The ratings agency anticipates that CES Energy’s leverage metrics will continue to be robust, despite an expected decrease in North American oilfield activity in 2025. The stable outlook reflects S&P’s belief that the company’s variable-cost structure, strong market position, and sensible financial policy will enable it to weather the slowdown and maintain an average FFO/debt ratio of around 58% over the next two years.

In 2024, CES Energy repaid C$50 million of fixed-rate debt, improving its debt maturity profile. The company’s C$550 million secured revolving credit facility matures in November 2028, while its C$200 million unsecured notes mature in 2029. Despite a forecasted slowdown in North American oilfield activity, CES Energy’s main operating region, the company is expected to maintain a strong FFO to debt ratio of 58% over the next two years.

The company is projected to generate about C$190 million of free cash flow in 2025. S&P believes that the company will prioritize debt reduction over buybacks to maintain its leverage target of debt to EBITDA of 1.5x or less.

CES Energy’s drilling and completions fluids segment, which accounts for approximately 50% of its revenue, is largely influenced by the North American rig count. Despite macroeconomic uncertainty, the production chemicals volumes are expected to consistently contribute to cash flows. However, the drilling and completion fluids segment is more susceptible to volatility due to its dependence on capital spending by exploration and production companies.

S&P forecasts a revenue decline of 8% in 2025, with the EBITDA margin dropping to 14% from 15.3% in 2024, due to lower rig counts impacting product demand and pricing. However, a slight improvement is expected in 2026 driven by higher commodity prices and improved demand conditions.

The company’s U.S. business, which accounts for 66% of total revenue, has limited direct exposure to ongoing tariff uncertainty. Most of CES Energy’s customer contracts include cost pass-through mechanisms, which could help offset higher costs.

Despite its variable-cost structure being advantageous in previous downturns, CES Energy’s mid-teens EBITDA margin (15% in 2024) lags behind ’B+’ rated peers. The company’s financial policy continues to support the higher rating, with a track record of reducing capital spending, cutting dividends, and limiting buybacks to preserve cash and manage leverage during downturns.

The stable outlook reflects S&P’s expectation that CES Energy will generate about C$190 million of free cash flow in 2025 and limit buybacks in favor of debt reduction to maintain its leverage target of Debt/EBITDA of 1.5x or lower.

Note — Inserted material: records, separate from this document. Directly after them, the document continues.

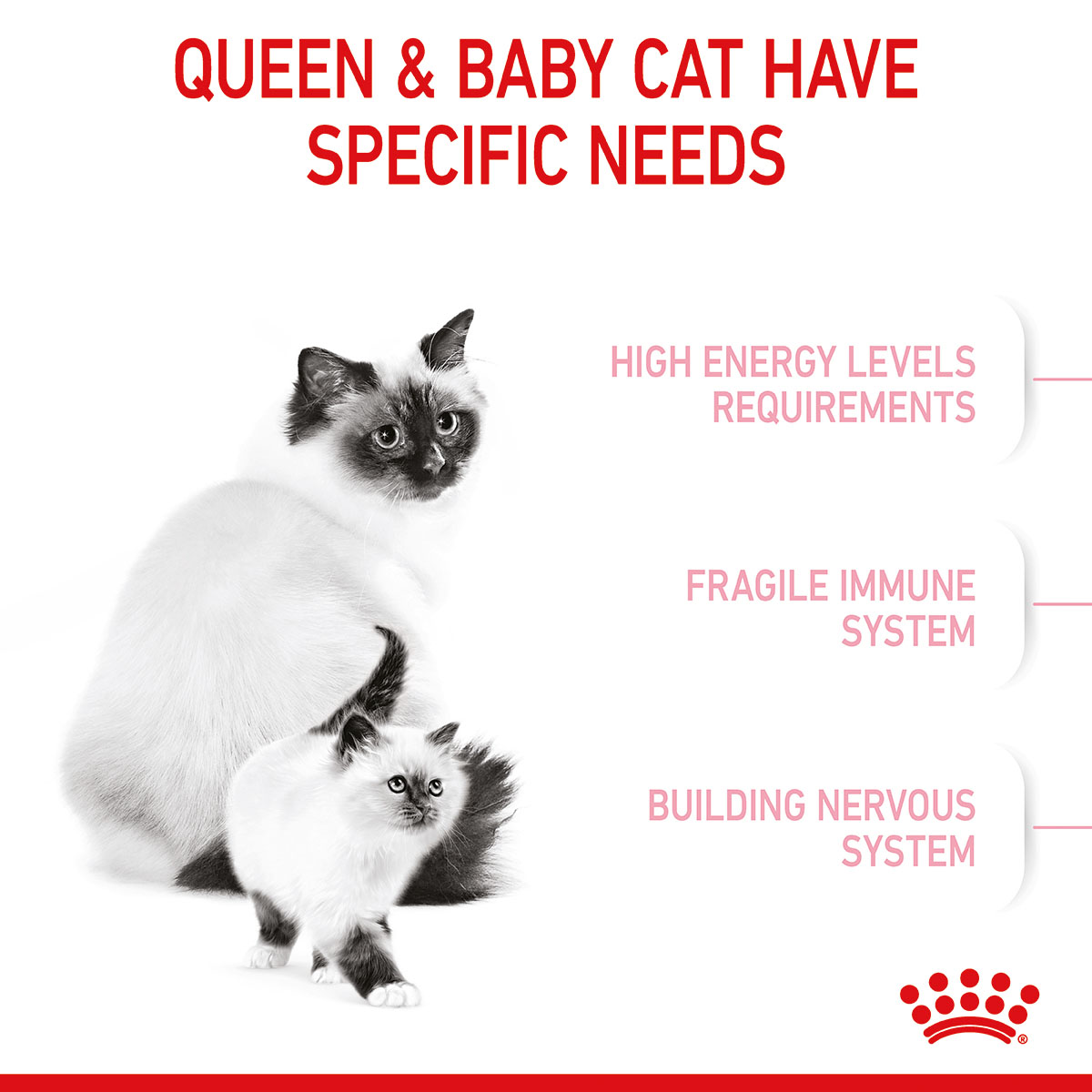 ROYAL CANIN MOTHER & BABYCAT Katzenfutter für tragende Katzen und Kitten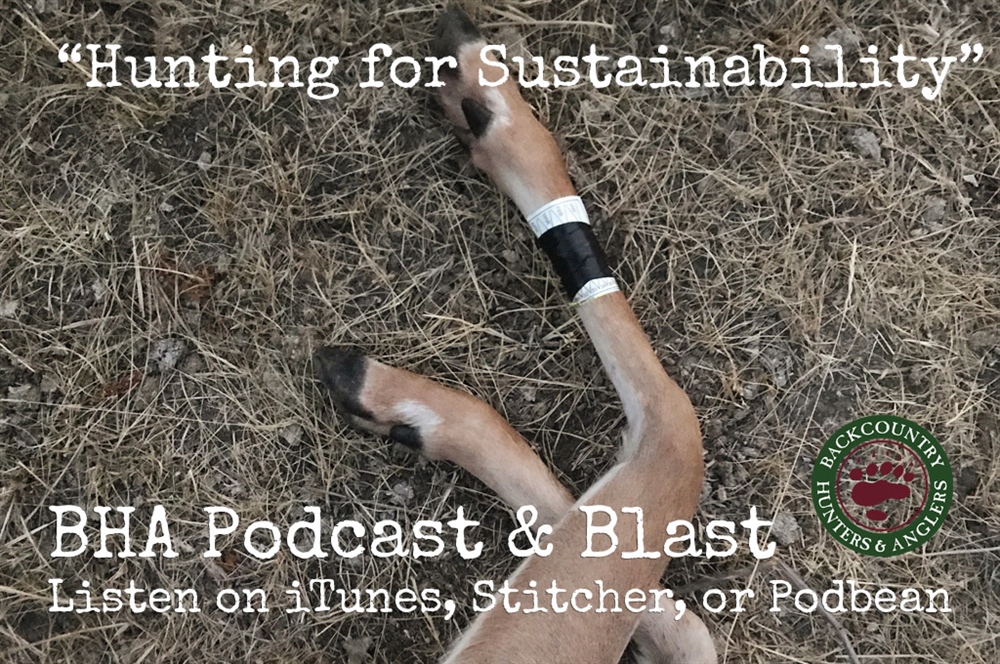 BHA Podcast & Blast, Episode 14: Hunting for Sustainability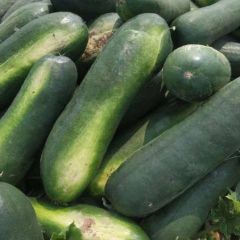 黑皮冬瓜大量上市中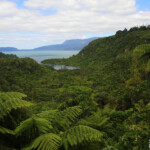 Lac Tarawera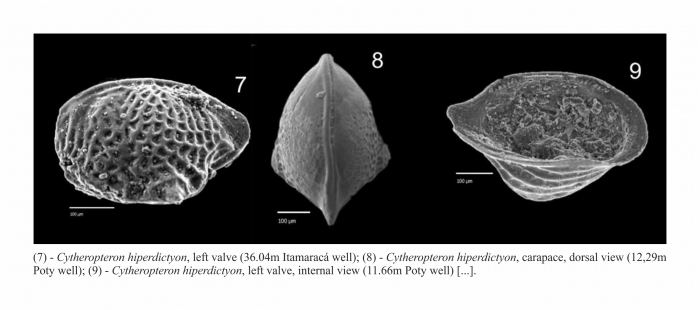 Cytheropteron hyperdictyon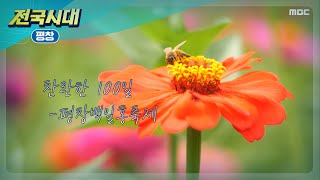 [전국시대] 찬란한 100일 평창백일홍축제 (펑창)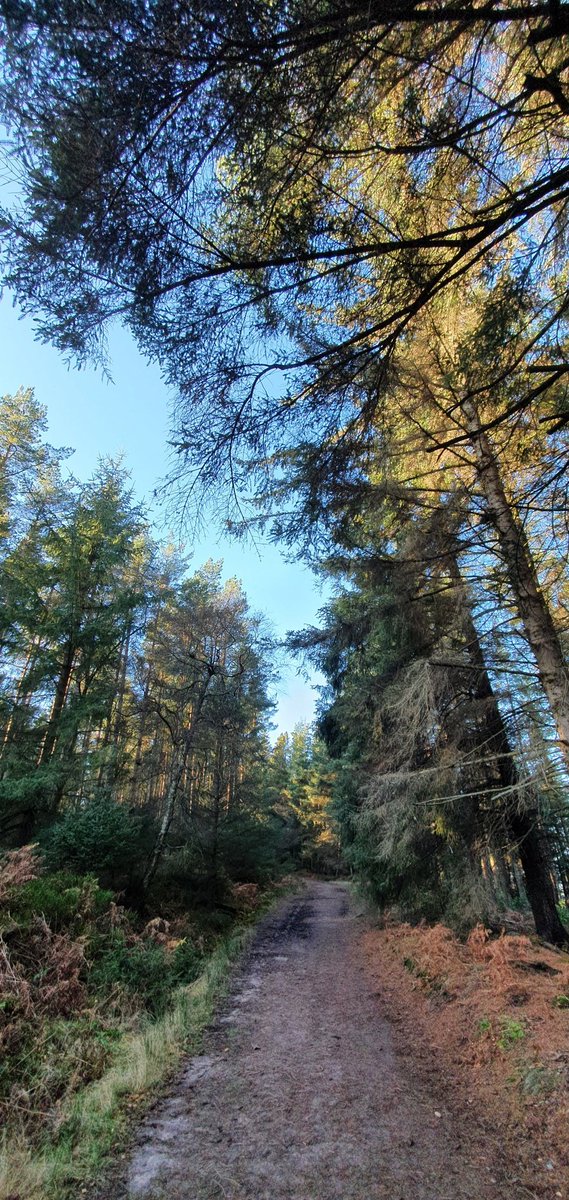 Andy_911 tweet media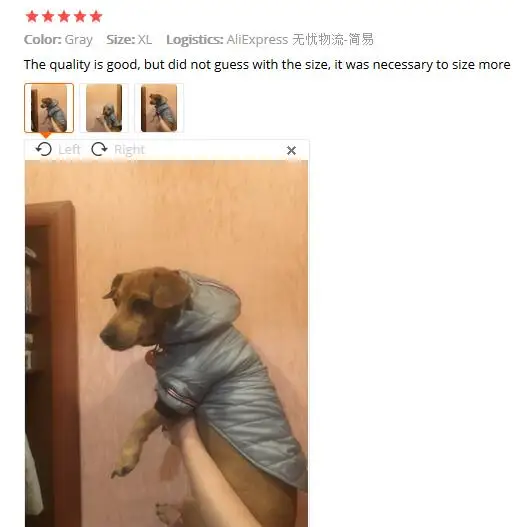 QQ截图20191222212045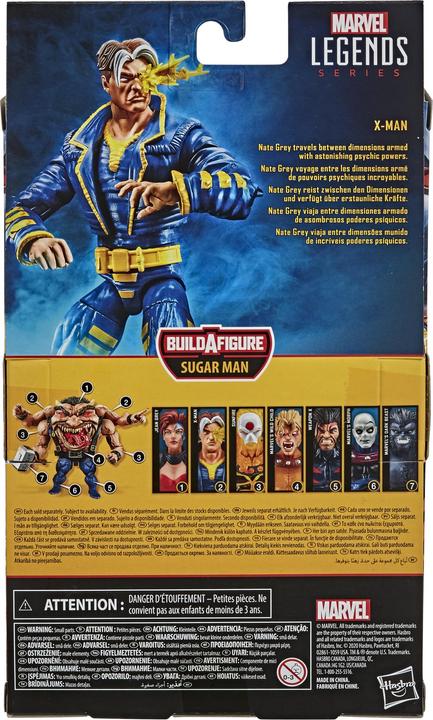 Image du produit Hasbro Marvel Legends Series X- Man Nate Grey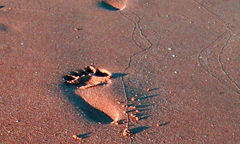 playa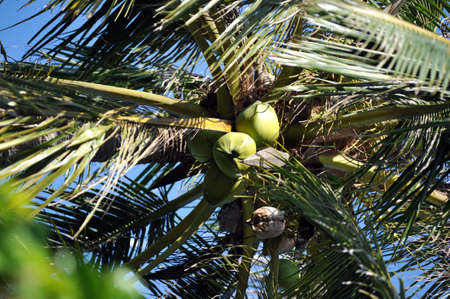 Coconut tree with nuts in Vietnam.の写真素材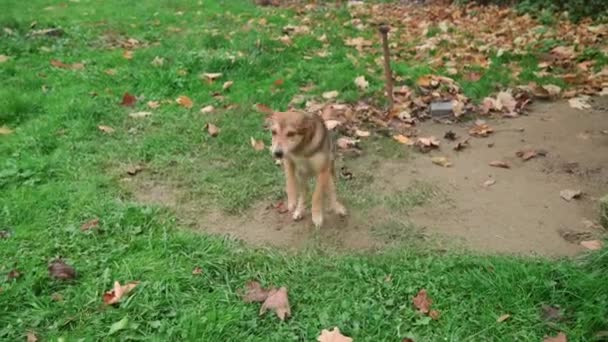 村の鎖の上の小さな犬がその領土を守る — ストック動画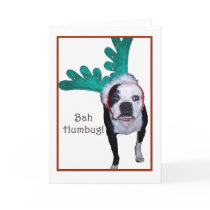 Bah Humbug! - Boston Terrier Card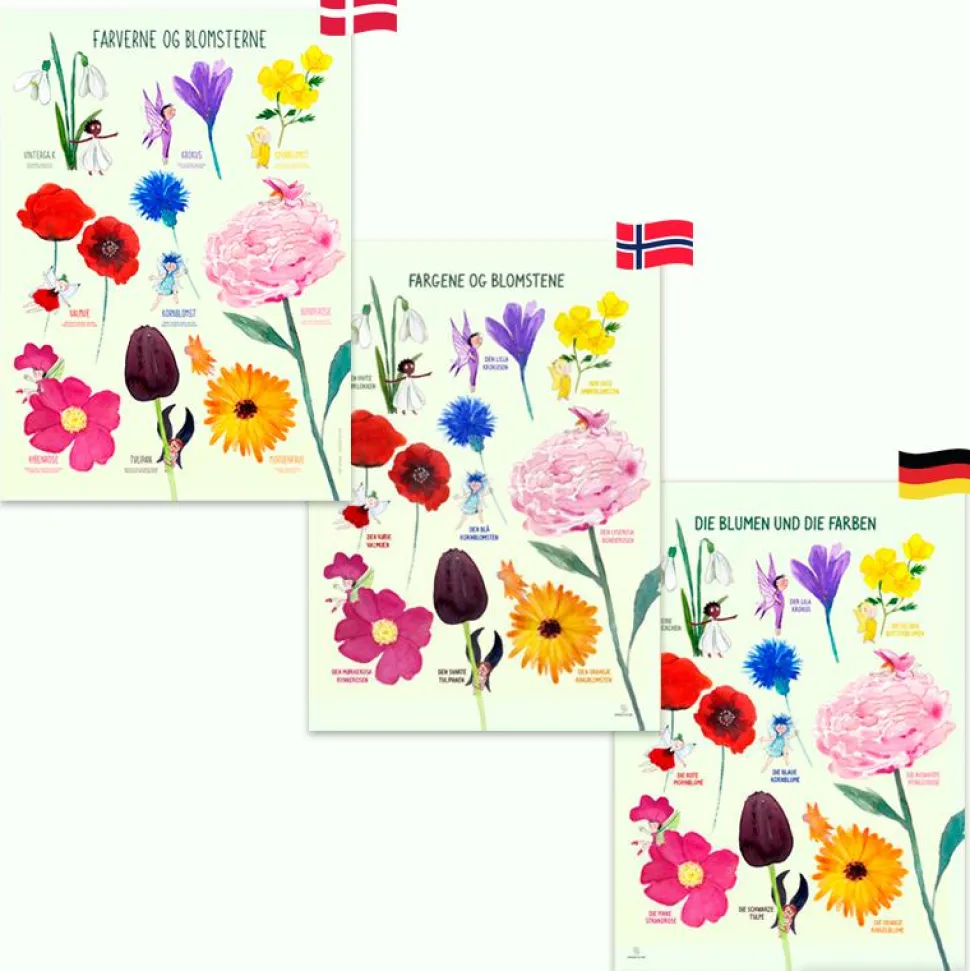 Plakat 50 x 70 cm - Farverne og blomsterne
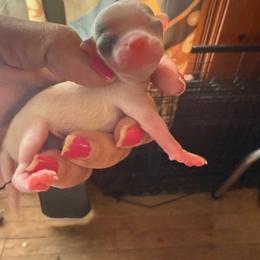 Mighty - Blue and white male Chihuahua puppy in Beaumont, Texas from Anastasia’s Tiny Pupps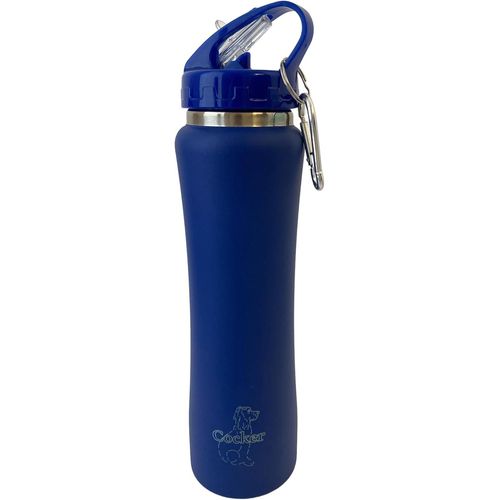 Letnerny-Bouteille Isotherme - 550 Ml - Bouteille D'eau - Bouteille D'eau En Acier Inoxydable - Trekking - Fitness - Gym - Sport - Camping - Bureau - Extérieur - Couleur Bleue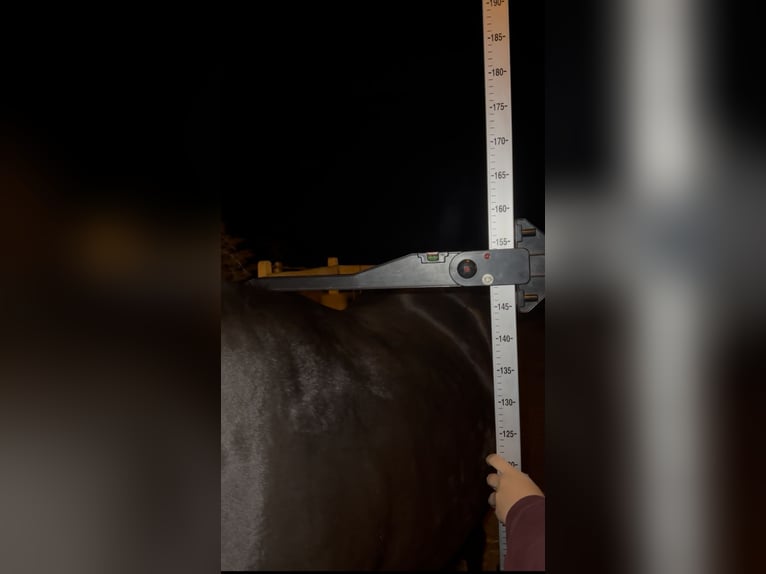 Vollblutaraber Hengst 2 Jahre 159 cm Rappe in Santok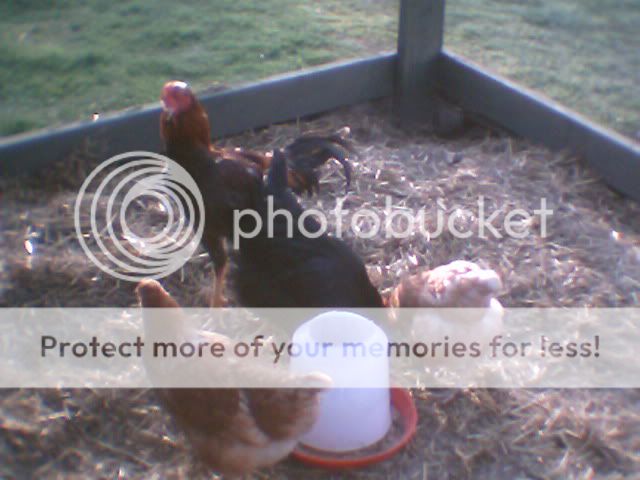 chickens010.jpg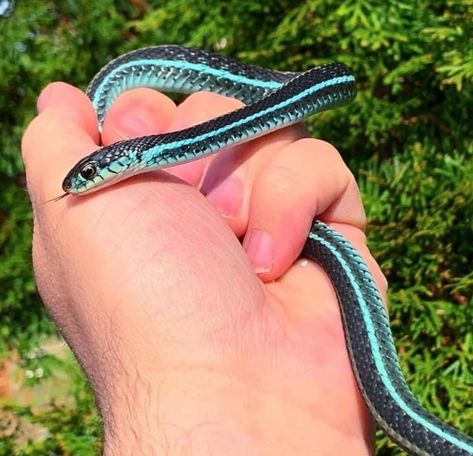 CBB Blue Striped Garters Garter Snake by Garter Guy LLC Dream Snake, Garter Snake, Blue Garter, Cute Snake, Pet Snake, Garters, 귀여운 동물, Animals Friends, Reptiles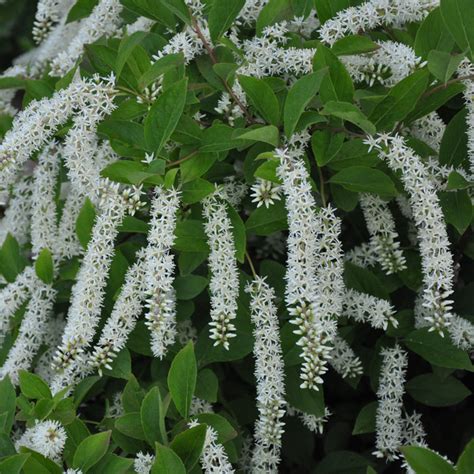 Itea Plant for Sale | Enhance Your Garden with Virginia Sweetspire ...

S&P could lower the rating within the next 12 months if FFO to debt approaches 30% on a sustained basis. This would likely occur if the company adopted a more aggressive financial policy favoring shareholder returns over maintaining its leverage target.

While unlikely within the next 12 months, the rating could be raised if the company improved its profitability and increased its scale in line with higher-rated peers while maintaining FFO/debt around 60%.